Australia controls the import and manufacture of other synthetic greenhouse gases (perfluorocarbons, sulfur hexafluoride and nitrogen trifluoride) in accordance with its obligations under the Kyoto Protocol of the UNFCCC. A licence is required to import, export and manufacture synthetic greenhouse gases and to import products containing synthetic greenhouse gases.
Product coverage
The requirements of the licensing system are:
• Controlled substances:
o import, export or manufacture of bulk methyl bromide, with the quantity of methyl bromide permitted to be imported for non-quarantine and pre-shipment fumigations limited to the quantity approved by the Montreal Protocol;
o import, export or manufacture of bulk HCFCs and HFCs, with import quotas set in line with Montreal Protocol phase-out obligations and Australia’s domestic policy to accelerate phase-out of HCFCs and phase-down of HFCs;
o import, export or manufacture of bulk perfluorocarbons, sulfur hexafluoride and nitrogen trifluoride, with no restrictions on quantity.
• Essential use:
o import, export or manufacture of bulk hydrochlorofluorocarbons, chlorofluorocarbons, halons, carbon tetrachloride, methyl chloroform and bromochloromethane approved for essential use by the parties to the Montreal Protocol.
• Used substances:
o import and export of bulk used chlorofluorocarbons, halons, carbon tetrachloride, methyl chloroform, bromochloromethane, methyl bromide, hydrochlorofluorocarbons, hydrofluorocarbons, perfluorocarbons, sulfur hexafluoride and nitrogen trifluoride;
• Equipment licences:
o Import of pre-charged equipment containing synthetic greenhouse gases.

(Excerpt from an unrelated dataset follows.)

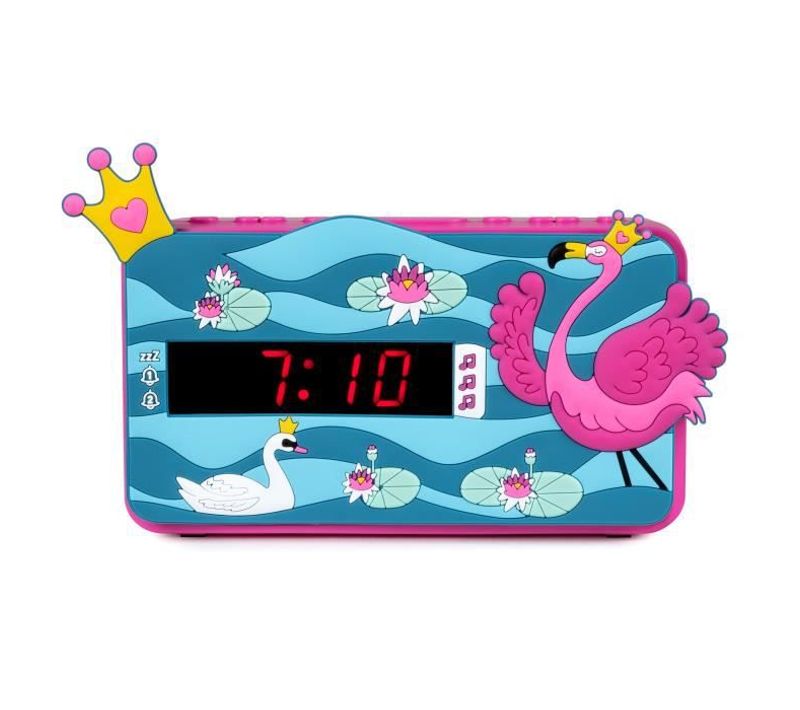 Enceinte Bluetooth Reveil Face Effet 3d Decor Princesse - R15princess3d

The import of some equipment is restricted. The import of equipment containing ozone depleting substances is prohibited except in certain limited circumstances when a licence may be granted. Importers who import up to 25 kilograms of synthetic greenhouse gas (HFCs, perfluorocarbons, sulfur hexafluoride and nitrogen trifluoride) in equipment in a calendar year do not need an equipment licence.
Licence conditions and reporting requirements apply in relation to all licences issued.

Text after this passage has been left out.